Hoy día, sin embargo, DI se refiere a un movimiento específico que se hizo famoso con la publicación en 1991 del libro de Phillip Johnson, Proceso a Darwin (Darwin on Trial). Johnson es cristiano y profesor de derecho en la Universidad de California, Berkeley. Otros miembros prominentes del movimiento son Michael Behe y William Dembski. Behe y Dembski son científicos. Johnson no lo es, pero como abogado tiene una habilidad considerable para criticar argumentos, y ha usado tal habilidad de manera impresionante para desacreditar teorías darwinistas.
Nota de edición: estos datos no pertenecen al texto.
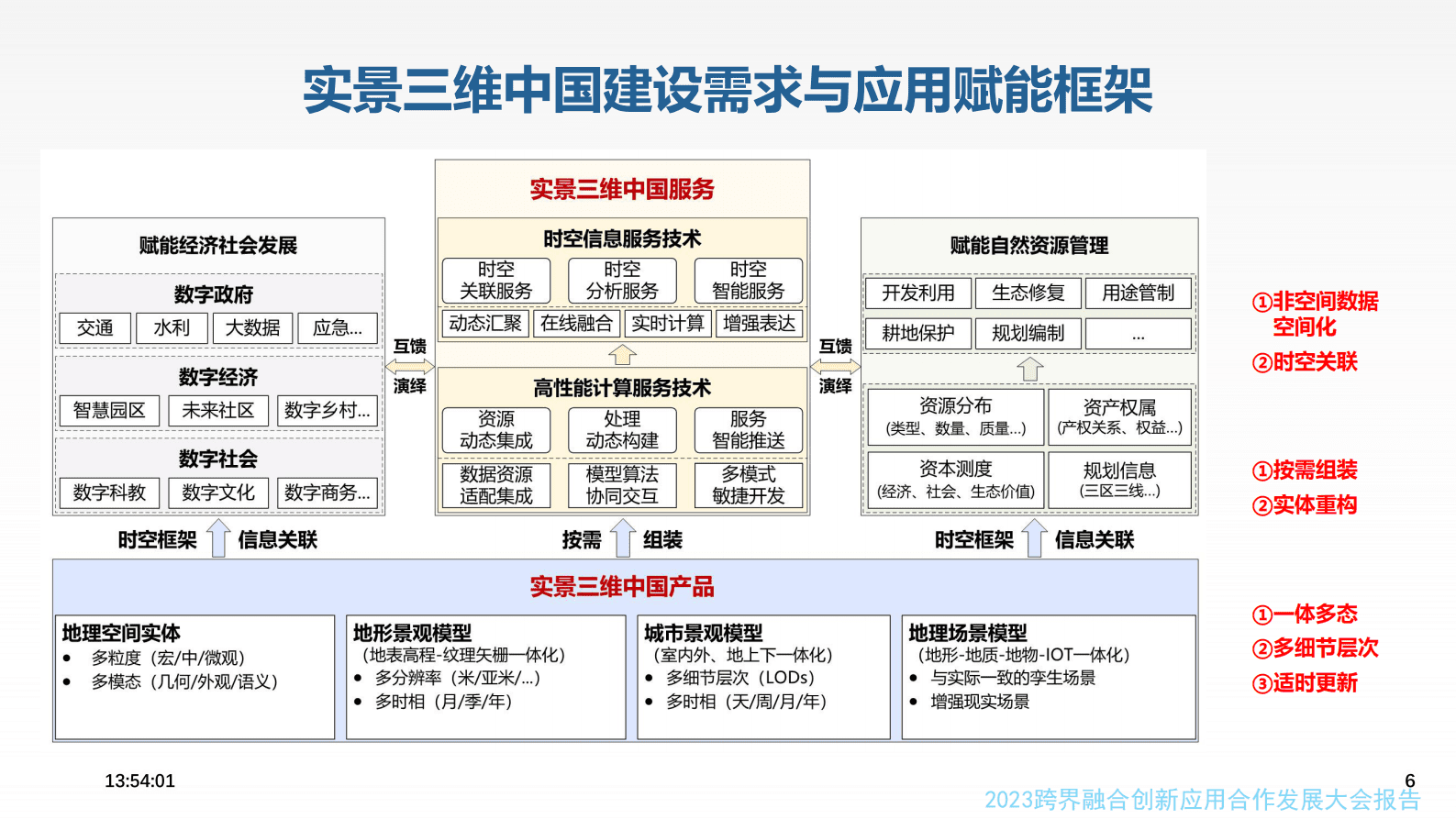 朱庆：从实景三维建模到数字孪生建模 第6页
A diferencia del ICR, el grupo de DI no argumenta a favor de una tierra joven o a favor de la geología del diluvio. Están dispuestas a aceptar la secuencia cronológica de las formas de vida más o menos como los evolucionistas lo presentan. Pero el evolucionismo de hoy día (“neo-darwinismo”, como es a veces llamado) argumenta que las fuerzas naturales (principalmente la selección natural y la mutación genética) son suficientes para justificar todos los seres vivos; no es necesario invocar a Dios. Este es el problema específico entre el neo-darwinismo y el DI.

Como crítica de la evolución, el DI ha atraído más apoyo que el ICR y demás, hasta entre los científicos, mientras que el apoyo de estos sigue siendo razonablemente poco. Muchos filósofos de la ciencia cristianos han aplaudido su trabajo.
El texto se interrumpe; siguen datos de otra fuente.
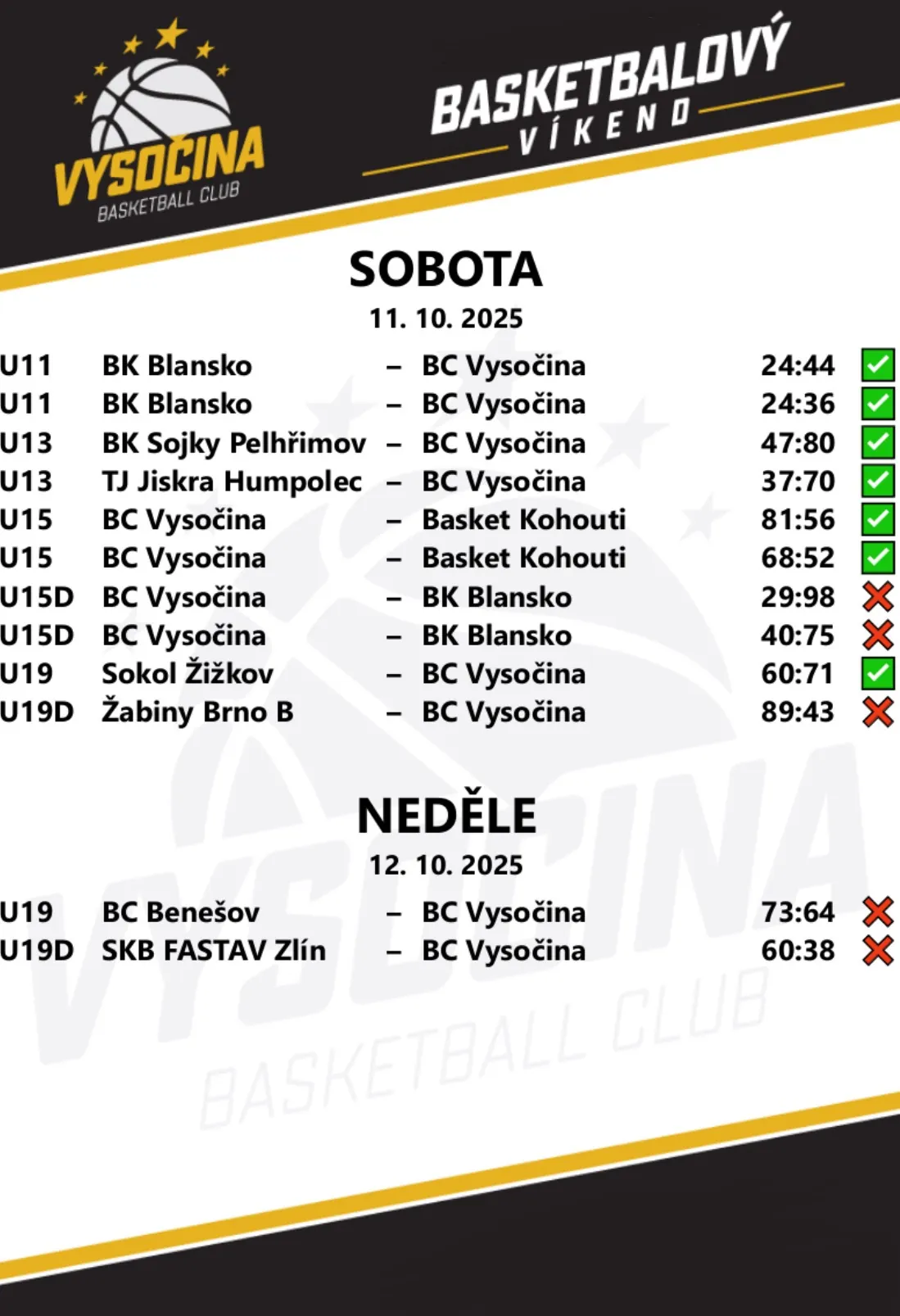 Výsledky 11.–12. 10. 2025: U11, U13 a U15 vyhrály po dvou zápasech (Blansko; Pelhřimov a Humpolec; Kohouti), U19 porazila Žižkov a prohrála s Benešovem; U15D a U19D prohrály po dvou.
Así que ha emergido la pregunta de si el DI tendría que ser impartido a estudiantes. Los desarrollos que siguieron al proceso de Scopes en 1925 establecieron la enseñanza de la evolución en los colegios públicos. Casi nadie hoy busca excluir la enseñanza de la evolución en los colegios. Hasta los creacionistas cristianos, en su totalidad, reconocen que los estudiantes deberían conocer lo que es la teoría de la evolución, ya que se ha convertido en la visión dominante de los biólogos y geólogos. Pero la pregunta ahora es si el DI debería ser enseñado al lado de la evolución como una visión alternativa.

Para la mayor parte, la situación legal no ha ido bien para el DI. Los juzgados han establecido que porque es “religión”, no “ciencia”, no tiene lugar en un currículum científico. Aún más, enseñar DI, algunos arguyen, es violar el principio de la “separación entre iglesia y estado”.

Mantengo un punto de vista originalista sobre el tema iglesia/estado. La Constitución de los Estados Unidos no dice nada sobre un “muro de separación” entre iglesia y estado. Tan solo prohíbe al Congreso establecer una iglesia nacional. Cuando la Constitución fue escrita, bastantes estados tenían iglesias establecidas. Parte de la intención de la Constitución fue el  dar libertad a los estados sobre este tema. Ciertamente ninguno de los fundadores intentó abolir todo el apoyo a la religión por parte del gobierno. Sin embargo, mi punto de vista es diferente al aprobado por las cortes. Probablemente la cuestión de la enseñanza del DI no vaya a ser resuelto por una reconsideración de la relación entre la iglesia y el estado.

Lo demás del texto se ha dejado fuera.